Like a chain forged of steel, cybersecurity is only as strong as its weakest link. But how can we gain visibility into where these weaknesses exist and how they are being exploited? How can we determine where gaps occur that impact our ability to protect against, detect and respond to the latest threats?
Studies have shown the vast majority of cyberattacks take place using our networks — which isn’t surprising in our hyperconnected world. Comprehensive visibility into the activity on our networks can provide deep network insights into not only what is occurring across our organizations, but also where we are potentially exposed.
Identifying Weak Links in the Cybersecurity Chain
People are the weakest link in the proverbial cybersecurity chain. Social engineering can provide easy access to even our most sensitive assets. Let’s say, for example, a person with valuable information, access or authority is targeted by a spear-phishing attack. It could be someone in the IT department, one of your executives — or any employee who could be used as a stepping stone to gain further access or information.

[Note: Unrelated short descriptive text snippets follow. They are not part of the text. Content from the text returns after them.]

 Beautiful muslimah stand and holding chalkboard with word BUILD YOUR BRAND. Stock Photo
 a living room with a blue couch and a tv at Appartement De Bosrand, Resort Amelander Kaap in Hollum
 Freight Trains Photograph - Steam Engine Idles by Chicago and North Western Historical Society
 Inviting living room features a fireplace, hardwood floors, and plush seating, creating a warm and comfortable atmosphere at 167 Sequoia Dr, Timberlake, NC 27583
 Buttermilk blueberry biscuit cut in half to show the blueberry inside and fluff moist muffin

Jose Bravo, North America security architect at IBM, recently published a video to demonstrate how a human resources manager might fall victim to such a scheme by merely opening the wrong attachment, clicking the wrong link, or (as the video shows) unblocking content and allowing a document to update links. Even with proper security training, it is often relatively easy for fraudsters to trick employees into taking these actions, especially when they resemble tasks they repeatedly perform throughout their day.
There are also less direct ways in which humans represent the weakest link in security. I have yet to find a cybersecurity team that is not short-staffed and overworked. All it takes is a simple mistake, such as misconfiguring a network device, leaving the wrong port open or failing to enable logging everywhere visibility is needed. Even if everything is set up correctly, a mundane change could have unintended consequences and leave networks exposed.

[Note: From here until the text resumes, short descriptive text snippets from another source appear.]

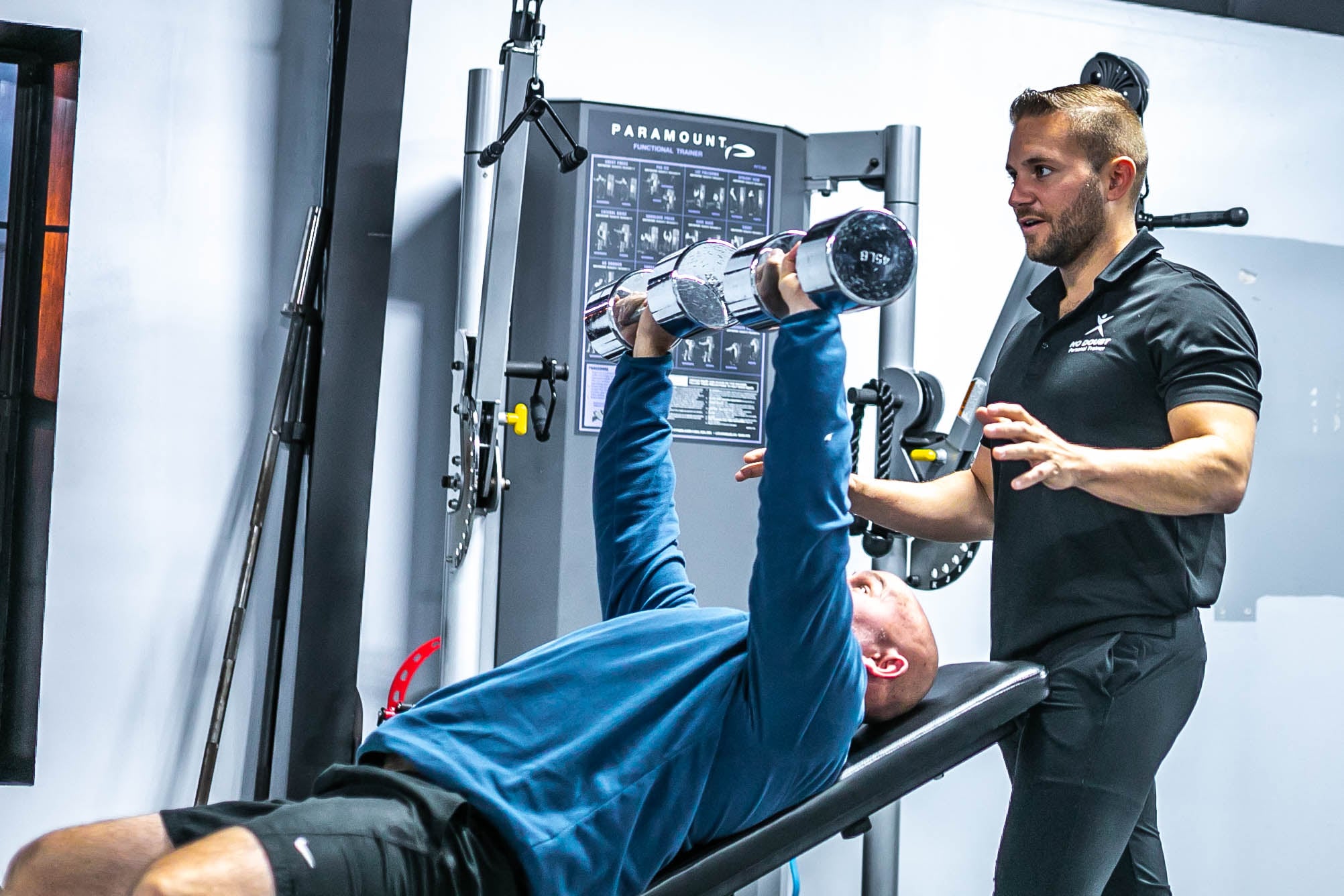 Coach correcting form during a personal training session at No Doubt Fitness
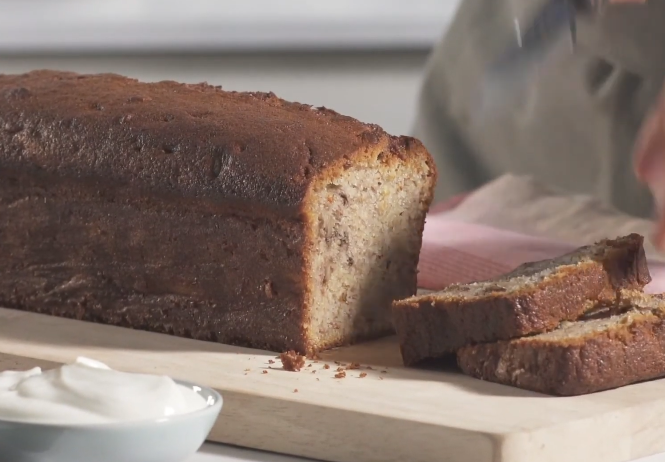 "Freshly baked Fage banana bread loaf sliced on a wooden cutting board."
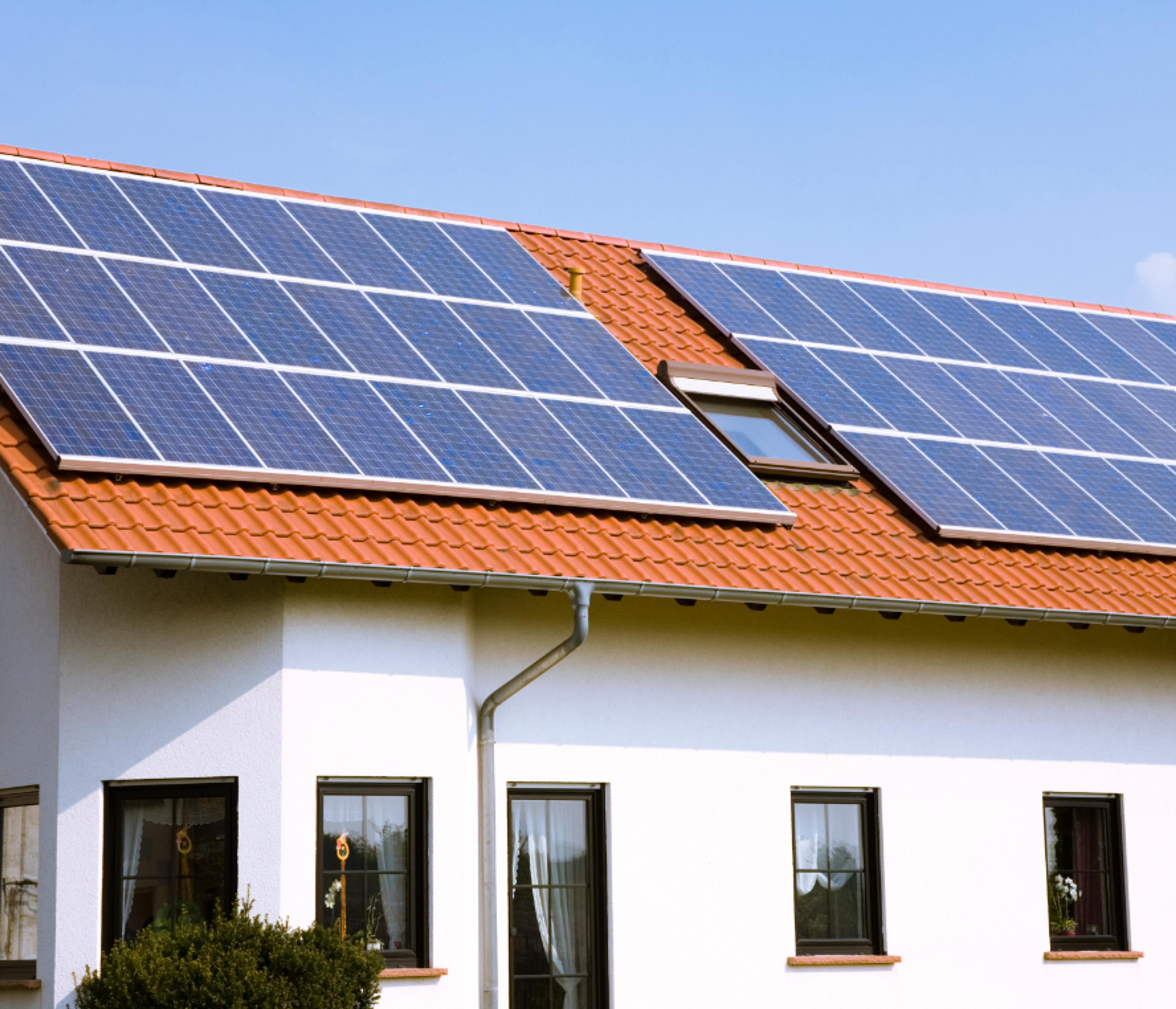 sonniges weißes Haus mit PV-Anlage auf dem Dach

So, how can we gain visibility into areas where we may be exposed and times during which we are most susceptible to being exploited? Can we gain enough insight into these weak links to take proper corrective action?
Unlocking the Power of Deep Network Insights
This is where the power of deep network insights can help. Basic network flow analysis can detect a new device connecting to the network, even if it doesn’t log any activity. In addition to detecting these devices, the right security information and event management (SIEM) solution can automatically add them to the list of known assets so that they can benefit from the same security analytics as properly configured devices.

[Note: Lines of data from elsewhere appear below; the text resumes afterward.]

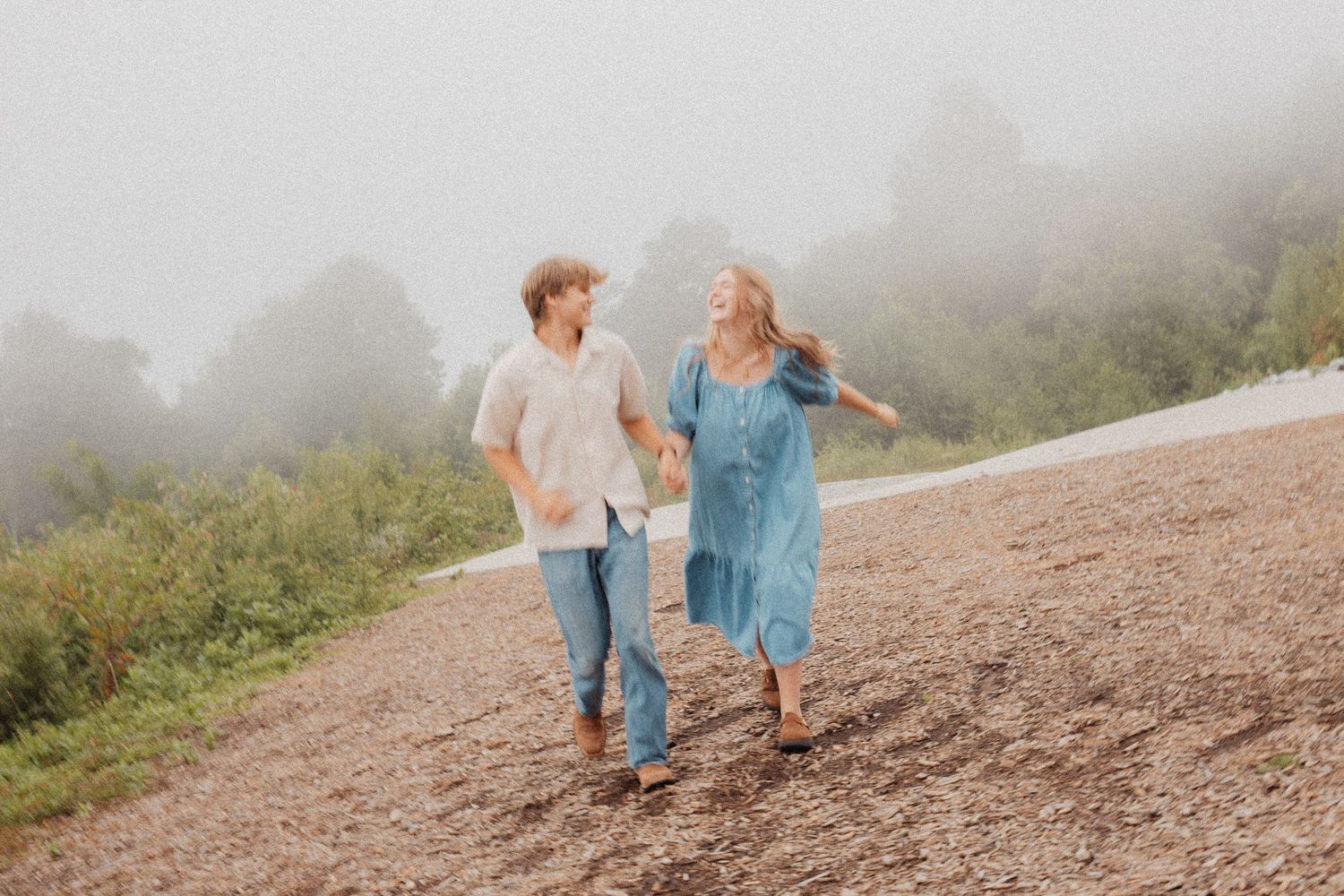 Couple walks hand in hand along a misty mountain path surrounded by lush greenery.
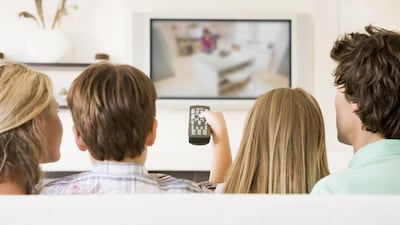 Family in living room with remote control and flat screen television (iStockphoto.com)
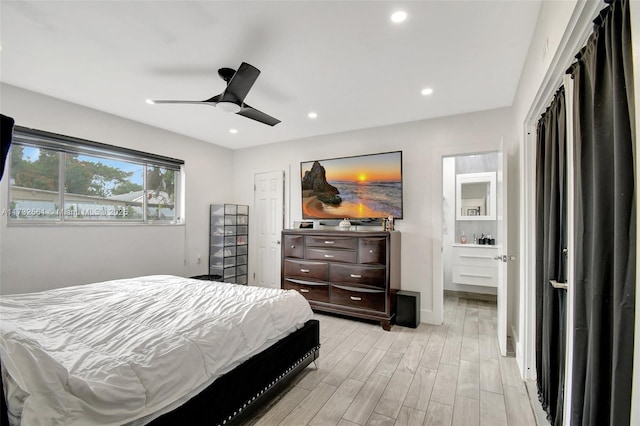 bedroom featuring ceiling fan and light hardwood / wood-style floors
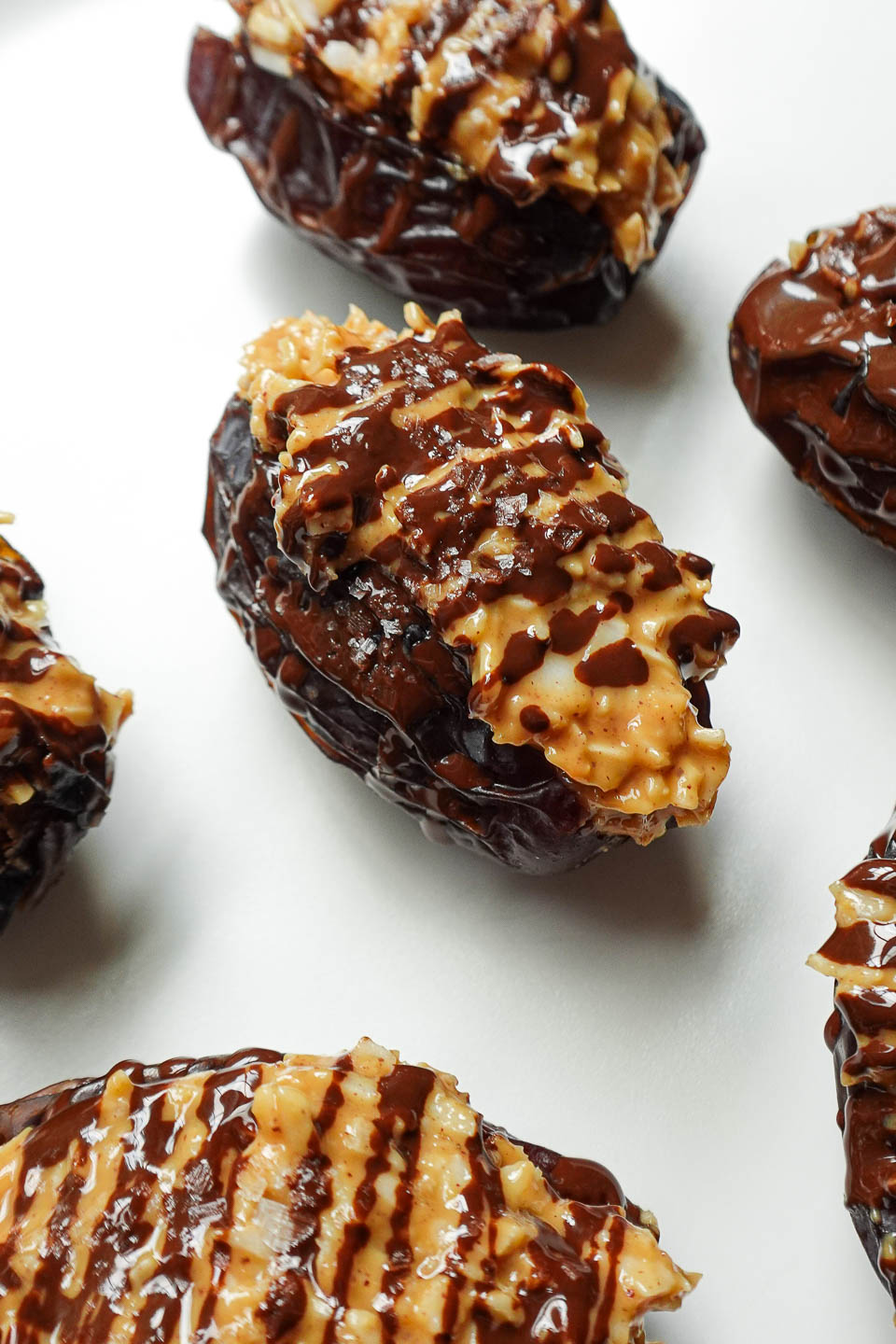 Close-up of Samoas Stuffed Dates drizzled with melted chocolate and sprinkled with coconut flakes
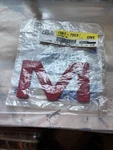 1983-1991 Gmc Replacement Red Letter Emblem New # 1561-7083 Nos Nib. Fixed Price $25.00.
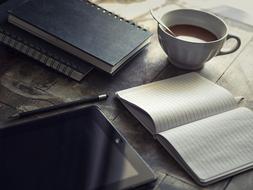 tablet, notebook and cup with coffee on the table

But deep network insights enable security teams to go well beyond simply detecting devices and their communications. When malicious actors try to disguise their activity by misusing standard ports and protocols, deep analysis of the real applications allows security professionals to shed light on the true nature of what is occurring. If sensitive data is subsequently accessed, application-specific content analysis can provide the proper visibility to quickly identify and protect the valuable data our organizations rely on every day.
In this way, the very networks that expose our weaknesses to adversaries also provide us with the visibility we need to properly defend our sensitive data. The key is simply to look deep enough.